Setelah cukup berbelanja dan menikmati suasana malam, kami pun bergegas kembali ke tenda untuk segera beristirahat. Esok selepas shubuh kami akan berangkat untuk lontaran jumroh yg terakhir. Perjalanan sejauh 3 kilometer cukup bagi kami untuk mencapai jamarat di waktu dhuha, shg terpenuhi rukun kami yg ambil nafar awal.

Memasuki maktab suasana sungguh lengang. Tempat sampah sudah bersih. Jalan-jalan sekeliling tenda pun sudah bersih dan rapi. Petugas kebersihan tampak merapikan alat-alatnya di salah satu ujung tenda kami. 1 lembar riyal kembalian popmi segera kutunaikan utk sedekah baginya. Walau hanya 1 riyal, namun dia sangat bahagia. Entah doa apa saja yg dikatakannya saat berucap terima kasih atas sedekah itu. Aku hanya mengaminkan dengan penuh kelegaan.

Saat aku berbalik badan menuju ke sahabat-sahabatku menunggu di ujung lain tenda kami, pandanganku seketika tertuju pada benda warna merah hitam yg tepat di tengah tengah persimpangan jalan di antara tenda-tenda. "Croc" itu ada di sana. Tepat di tengah-tengah jalan, di dekat berdirinya sahabat-sahabatku. Satu tempat yg berulang kali kami lalui tadi untuk memastikan bahwa "croc" itu telah benar-benar raib ... Sekarang seolah memunculkan "croc" itu dari entah pintu dimensi mana, tepat di depan mata kami. Subhanallah ... Walhamdulillah ... Wa laa ilaha illallah ... Wallahu akbar.

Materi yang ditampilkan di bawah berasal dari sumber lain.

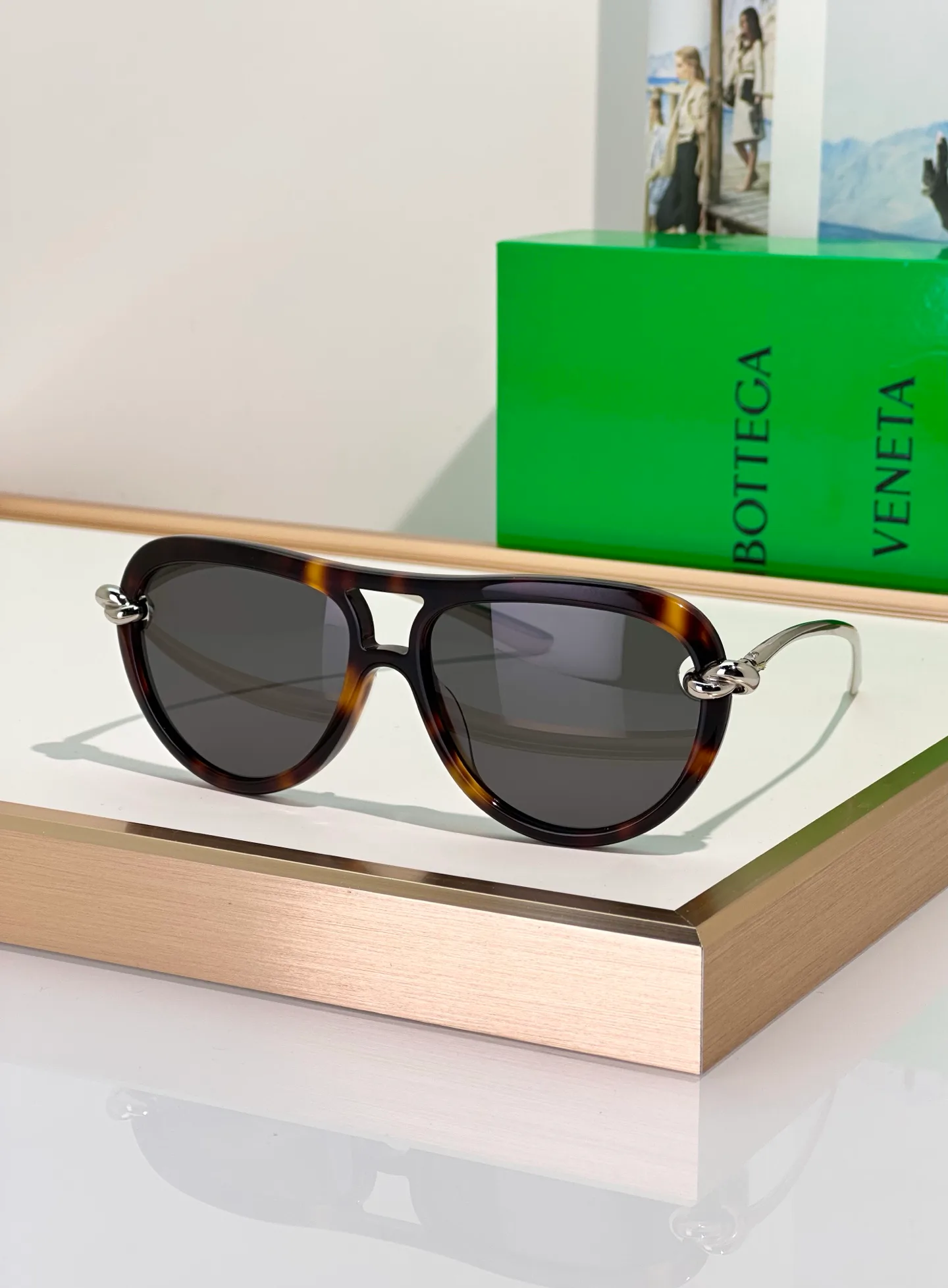 Очки Bottega Veneta 12763496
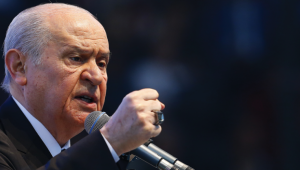 Devlet Bahçeli ; Hedefimiz ilâ-yı Kelimetullah'tır, Hedefiniz Kızılelma'dır.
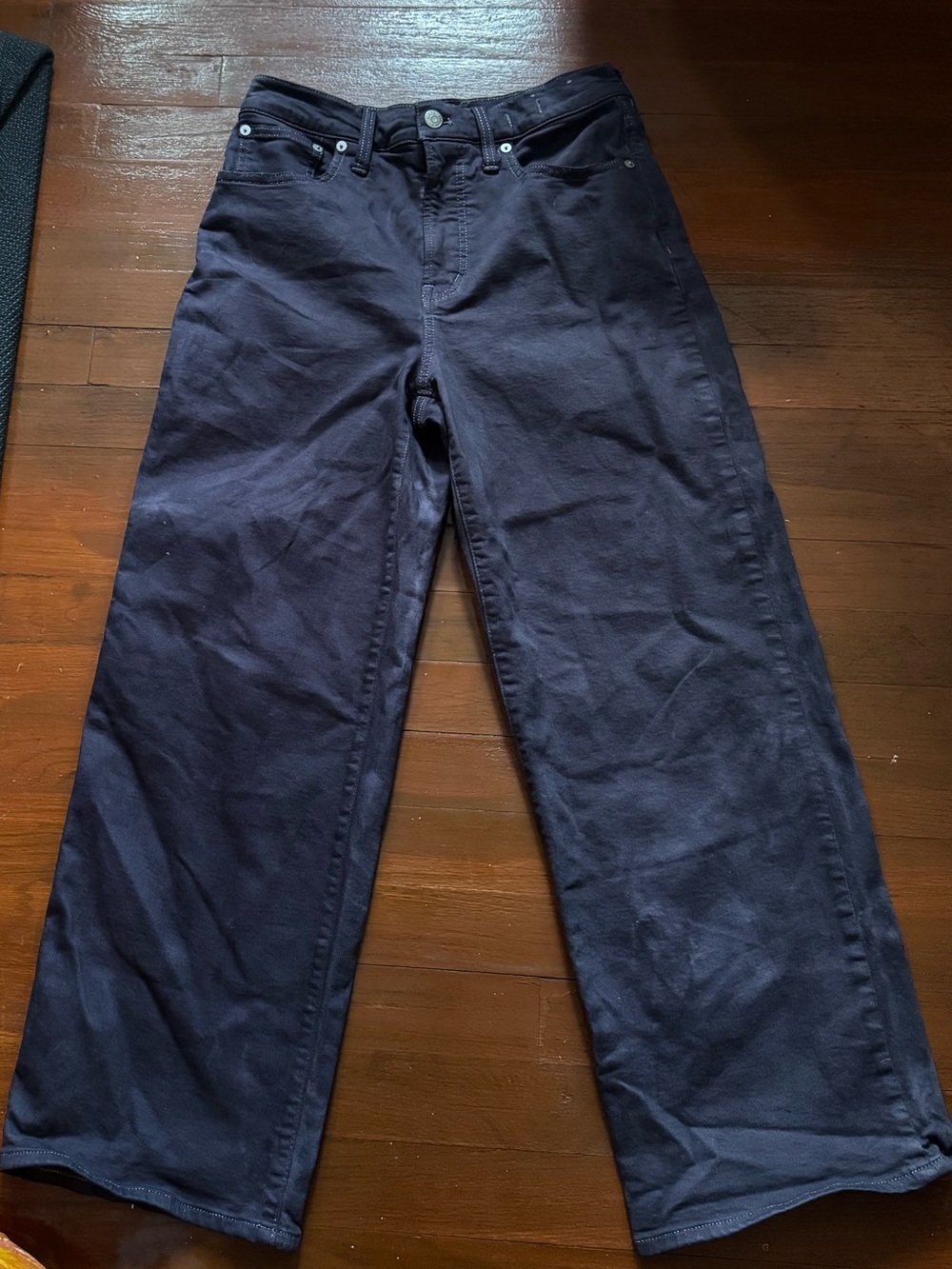 Madewell Women's Boot Cut Jeans -custom dyed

"Croc" yg telah raib itu, kini wujud kembali. Seakan terlahir lagi dalam bentuk "croc yang baru" ... Ya, inilah sepasang "croc dari Mina" senilai 1 riyal. Sepasang "croc" yang melanjutkan petualangannya di bumi Makkah dan Madinah hingga usai sudah masa kami bertamu di tanah Allah dan tanah Nabi, dan melanjutkan perjalanan lainnya di bumi Pertiwi.